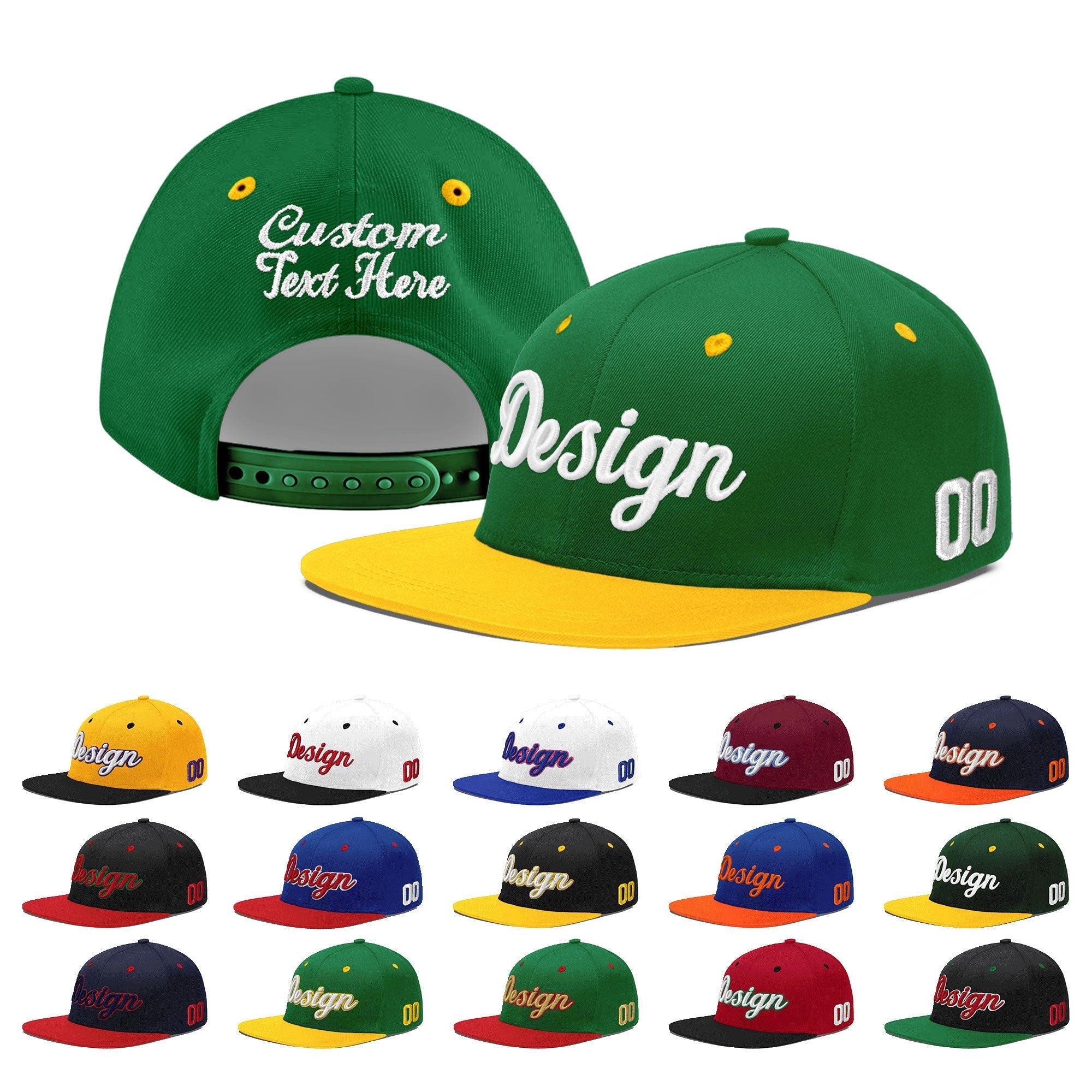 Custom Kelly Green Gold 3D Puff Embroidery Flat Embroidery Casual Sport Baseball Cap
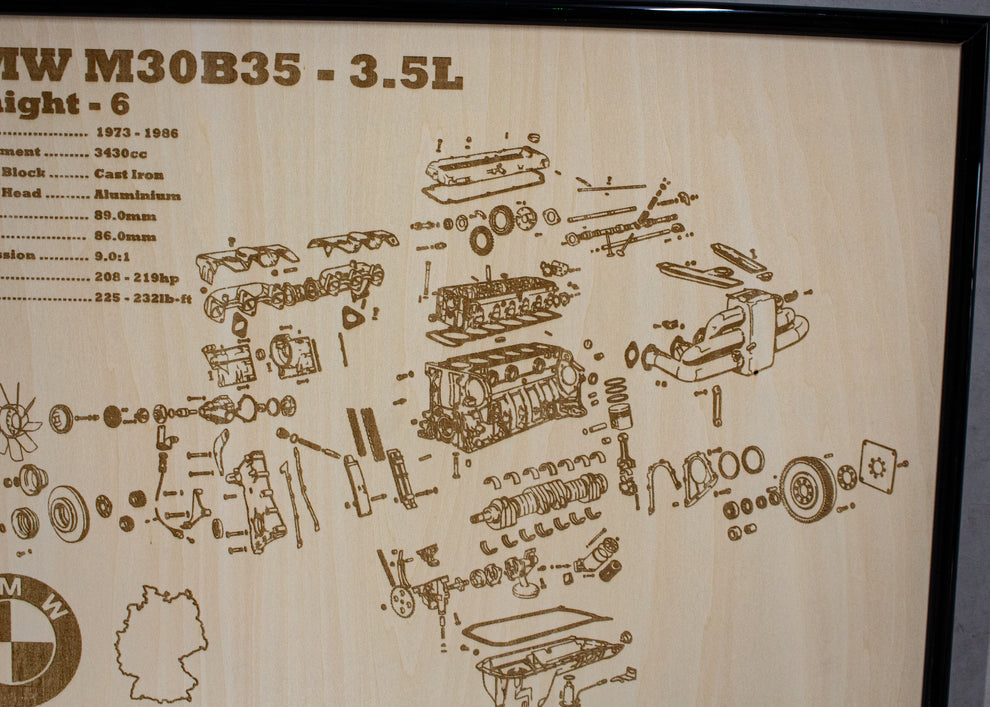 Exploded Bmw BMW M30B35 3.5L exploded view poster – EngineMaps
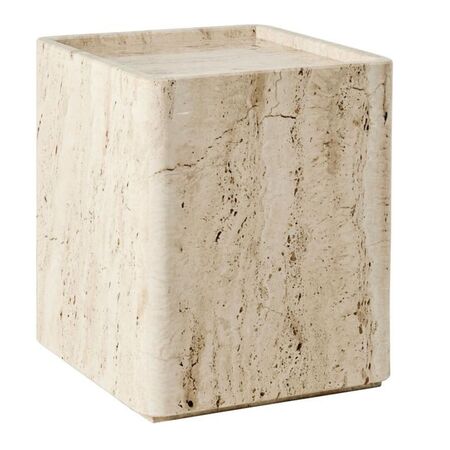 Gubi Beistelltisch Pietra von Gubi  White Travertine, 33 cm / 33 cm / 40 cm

--- Task instructions ---
Transcribe the listing exactly. Its images are to be omitted.

--- Solution for this problem ---
 Custom Kelly Green Gold 3D Puff Embroidery Flat Embroidery Casual Sport Baseball Cap
 Exploded Bmw BMW M30B35 3.5L exploded view poster – EngineMaps
 Gubi Beistelltisch Pietra von Gubi  White Travertine, 33 cm / 33 cm / 40 cm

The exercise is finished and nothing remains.